Multiple SBTC DR chainsaw teams rotated in and out, completing nearly 70 jobs in Pflugerville, Hutto, Round Rock, and Northwest Austin, according to Scottie Stice, SBTC DR director.

But that wasn’t the whole story.

Among the survivors assisted by SBTC DR was Larry, an elderly military veteran whose refrigerator broke during the storm.

“We removed tree damage from his home,” SBTC DR volunteer Mike Jansen said. Food shared by DR volunteers was the man’s first meal in two days.

Finding Larry was a divine appointment, said Debby Nichols, SBTC DR chaplain from DeKalb. Nichols and fellow chaplain/assessor Linda Mitter of Rockwall had completed their daily assignments and were driving around Round Rock neighborhoods to see if they had missed anything.

An enormous tree, split in half, caught their attention and they drove down the adjacent cul de sac.

“That tree was God’s sign to us,” Nichols said. “We found Larry’s house, with branches above his front door.”

The ladies knocked, explained who they were, and asked if Larry needed help.
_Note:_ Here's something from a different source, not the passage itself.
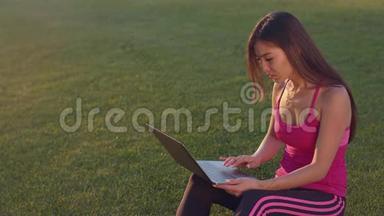 在绿草上<strong>用笔</strong>记本电脑工作的亚洲女人。 有魅力的女人<strong>用笔</strong>记本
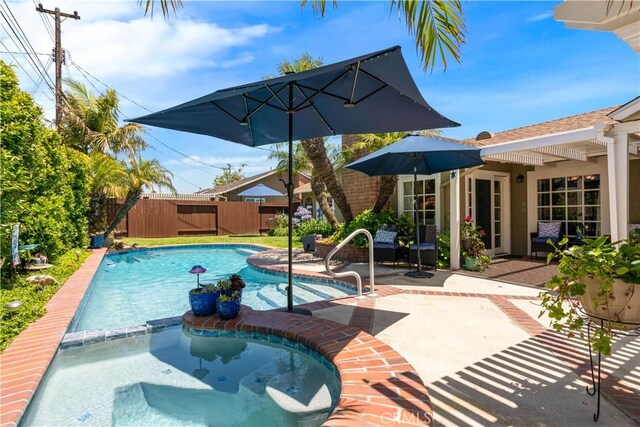 3191 Woodstock Rd, Rossmoor, CA 90720 - view of swimming pool with a patio and a pool with connected hot tub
“I am not worthy,” he replied. Nichols and Mitter visited with him and learned he had quit a college teaching job to care for his wife, who later died of cancer.

“He had been stuck,” Nichols said of Larry’s despair. The Vietnam veteran was entitled to some assistance, they realized. SBTC DR volunteer Ted Boswell, a retired pastor who teaches adult Sunday school at First Baptist Pflugerville, connected Larry with a VA advocate in his class.

But best of all, Larry accepted Christ as his Savior after the chaplain told him about Jesus.